When all other excuses failed, the Bush administration pulled the trump card: the invasion of Iraq was necessary to bring democracy to the greater Middle East. It was argued that Iraq is the first piece of domino whose fall will trigger the inevitable embrace of democracy. The ideologues who supported the military intervention in Iraq argued that democracy is a universal value that no people can resist. In his most recent State of the Union address, President Bush offered his glad tiding of a new era of democracy in the Muslim world. To support his claim, he cited the elections in Iraq, Lebanon, Egypt, and Palestine. He promised that other countries too will eventually embrace democracy.

In 2007, the US needed to escalate the war in Iraq and send more troops to “allow democracy to take roots there.” In Lebanon, the government is paralyzed since the resignation of six members of the cabinet after the failure to accommodate Hezbollah and its allies who won a larger number of votes in the last parliamentary elections.

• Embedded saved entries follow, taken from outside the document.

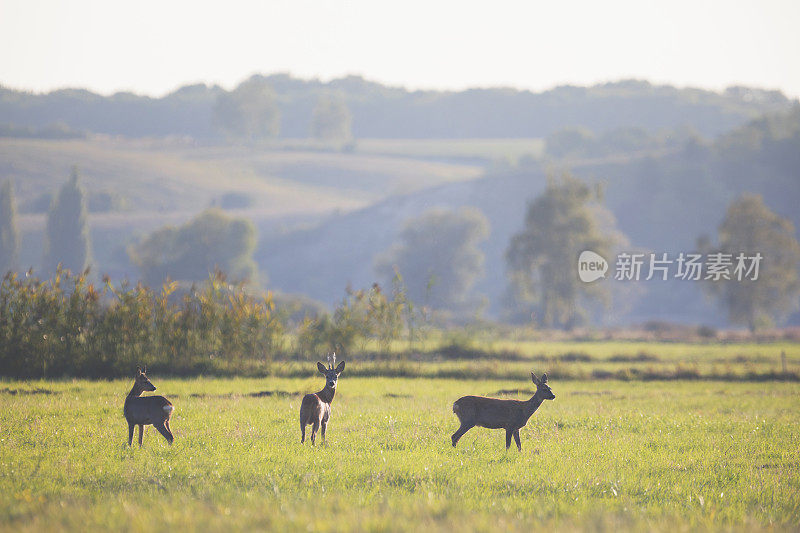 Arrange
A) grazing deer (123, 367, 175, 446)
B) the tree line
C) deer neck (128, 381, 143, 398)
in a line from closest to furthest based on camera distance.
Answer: grazing deer (123, 367, 175, 446) < deer neck (128, 381, 143, 398) < the tree line

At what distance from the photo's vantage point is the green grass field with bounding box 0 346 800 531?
9.77 meters

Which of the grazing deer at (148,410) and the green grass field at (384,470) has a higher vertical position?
the grazing deer at (148,410)

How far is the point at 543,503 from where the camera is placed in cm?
1137

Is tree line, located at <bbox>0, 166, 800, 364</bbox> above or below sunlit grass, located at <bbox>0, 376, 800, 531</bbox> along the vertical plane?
above

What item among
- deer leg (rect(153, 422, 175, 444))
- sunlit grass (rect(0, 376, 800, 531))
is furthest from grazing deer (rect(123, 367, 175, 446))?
sunlit grass (rect(0, 376, 800, 531))

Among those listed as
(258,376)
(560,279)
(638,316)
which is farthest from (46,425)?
(638,316)

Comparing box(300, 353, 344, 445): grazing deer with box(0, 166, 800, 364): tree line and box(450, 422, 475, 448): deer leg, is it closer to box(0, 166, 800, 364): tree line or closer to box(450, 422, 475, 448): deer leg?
box(450, 422, 475, 448): deer leg

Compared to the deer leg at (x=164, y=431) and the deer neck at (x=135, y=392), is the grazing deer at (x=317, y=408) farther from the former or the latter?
the deer neck at (x=135, y=392)

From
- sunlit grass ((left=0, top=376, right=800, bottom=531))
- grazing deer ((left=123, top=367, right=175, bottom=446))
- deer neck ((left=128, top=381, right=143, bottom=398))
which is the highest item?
deer neck ((left=128, top=381, right=143, bottom=398))

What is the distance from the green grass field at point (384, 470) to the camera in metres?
9.77

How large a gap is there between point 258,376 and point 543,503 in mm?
21107

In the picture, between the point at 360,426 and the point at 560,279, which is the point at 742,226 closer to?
the point at 560,279

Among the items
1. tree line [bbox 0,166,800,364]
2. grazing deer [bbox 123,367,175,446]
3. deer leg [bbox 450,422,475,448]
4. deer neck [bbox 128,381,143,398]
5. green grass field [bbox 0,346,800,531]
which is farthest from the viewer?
tree line [bbox 0,166,800,364]

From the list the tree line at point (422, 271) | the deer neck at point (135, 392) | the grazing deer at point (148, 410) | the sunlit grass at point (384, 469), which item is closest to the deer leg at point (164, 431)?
the grazing deer at point (148, 410) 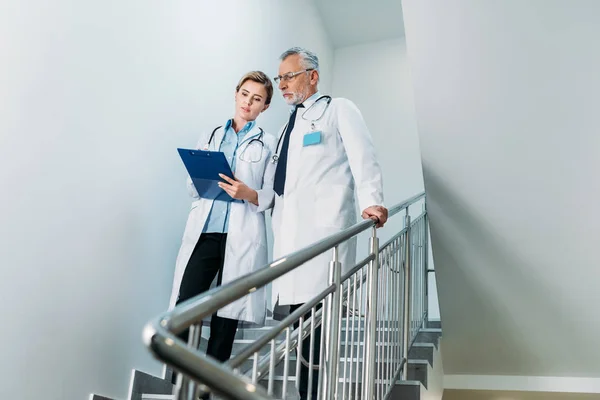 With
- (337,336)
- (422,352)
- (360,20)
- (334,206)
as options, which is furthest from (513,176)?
(360,20)

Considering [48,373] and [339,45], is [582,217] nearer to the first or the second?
[48,373]

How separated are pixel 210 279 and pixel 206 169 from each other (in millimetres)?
446

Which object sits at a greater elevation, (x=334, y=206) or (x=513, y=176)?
(x=513, y=176)

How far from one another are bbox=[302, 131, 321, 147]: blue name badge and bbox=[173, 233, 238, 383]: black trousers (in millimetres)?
543

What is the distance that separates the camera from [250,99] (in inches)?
118

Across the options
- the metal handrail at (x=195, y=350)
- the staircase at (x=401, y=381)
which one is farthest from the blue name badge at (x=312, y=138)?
the metal handrail at (x=195, y=350)

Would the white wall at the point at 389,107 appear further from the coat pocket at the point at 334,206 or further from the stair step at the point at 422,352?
the coat pocket at the point at 334,206

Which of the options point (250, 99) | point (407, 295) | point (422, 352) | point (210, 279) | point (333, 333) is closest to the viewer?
point (333, 333)

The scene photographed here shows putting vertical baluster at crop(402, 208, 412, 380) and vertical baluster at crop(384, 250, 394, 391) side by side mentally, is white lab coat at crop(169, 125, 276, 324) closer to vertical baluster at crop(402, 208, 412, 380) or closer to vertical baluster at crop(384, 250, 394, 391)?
vertical baluster at crop(384, 250, 394, 391)

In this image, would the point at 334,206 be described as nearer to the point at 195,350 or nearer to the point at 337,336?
the point at 337,336

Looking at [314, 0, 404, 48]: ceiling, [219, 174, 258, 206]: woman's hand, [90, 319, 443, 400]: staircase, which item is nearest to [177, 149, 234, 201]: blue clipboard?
[219, 174, 258, 206]: woman's hand

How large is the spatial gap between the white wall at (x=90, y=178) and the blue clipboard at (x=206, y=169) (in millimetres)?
429

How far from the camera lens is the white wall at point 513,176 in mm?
2842

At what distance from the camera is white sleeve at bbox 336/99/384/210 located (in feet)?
8.06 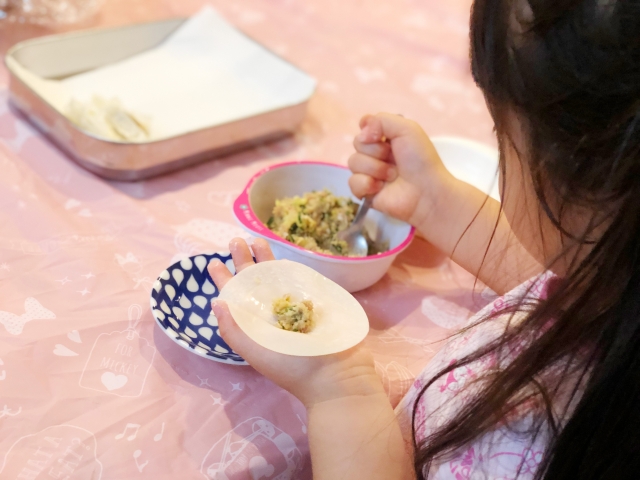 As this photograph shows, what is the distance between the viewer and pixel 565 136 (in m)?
0.38

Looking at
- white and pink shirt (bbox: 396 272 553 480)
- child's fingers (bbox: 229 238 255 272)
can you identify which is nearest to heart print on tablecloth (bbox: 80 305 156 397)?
child's fingers (bbox: 229 238 255 272)

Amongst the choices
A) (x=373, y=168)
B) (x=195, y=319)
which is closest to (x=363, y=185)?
(x=373, y=168)

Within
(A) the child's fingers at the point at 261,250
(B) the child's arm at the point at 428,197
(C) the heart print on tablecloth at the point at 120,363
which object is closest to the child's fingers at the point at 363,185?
(B) the child's arm at the point at 428,197

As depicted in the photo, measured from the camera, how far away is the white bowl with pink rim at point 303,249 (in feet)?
1.81

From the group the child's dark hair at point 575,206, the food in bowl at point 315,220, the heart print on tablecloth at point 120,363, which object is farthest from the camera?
the food in bowl at point 315,220

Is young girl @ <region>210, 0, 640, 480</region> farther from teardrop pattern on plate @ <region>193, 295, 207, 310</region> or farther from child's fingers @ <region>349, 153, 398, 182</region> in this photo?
child's fingers @ <region>349, 153, 398, 182</region>

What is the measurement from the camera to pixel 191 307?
529 millimetres

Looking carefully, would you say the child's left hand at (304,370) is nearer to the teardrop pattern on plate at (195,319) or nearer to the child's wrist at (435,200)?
the teardrop pattern on plate at (195,319)

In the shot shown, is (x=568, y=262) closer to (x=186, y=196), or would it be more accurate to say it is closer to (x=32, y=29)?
(x=186, y=196)

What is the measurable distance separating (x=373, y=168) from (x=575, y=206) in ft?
0.93

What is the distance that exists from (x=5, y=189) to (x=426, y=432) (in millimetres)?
496

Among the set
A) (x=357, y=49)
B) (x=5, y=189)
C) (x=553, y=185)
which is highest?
(x=553, y=185)

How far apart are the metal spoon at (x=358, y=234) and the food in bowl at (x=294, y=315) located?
163 mm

Just this month, the US administration expressed its serious concern over the arrest and harassment of opposition candidates who were competing for seats in the Egyptian Shura council. And more recently, the second Palestinian government in 15 months was sacked by the Palestinian president and replaced by a non-representative one.

These setbacks point to flawed logic and serious contradictions: democracy is not the universal value hungry people or peoples under occupation desire; if democracy is a universal value it should not need to be served on top of a tank; and if democracy is universal, its fruits ought to be universal too and ought to be accepted by the believers in the democratic process.

The collapse of the Palestinian democratic government must be the single most significant event since the invasion of Iraq; an event that marks the collapse of Bush’s hyped idealism and the reaffirmation of Arab dictators hyped realism.

The Palestinian election was by far the best example of transfer of authority through election the Arab world ever experienced. To paraphrase US former president Jimmy Carter, it was a fine, fair, and transparent election that brought Hamas to power and reduced the corrupt Fatah regime to its actual level of representation.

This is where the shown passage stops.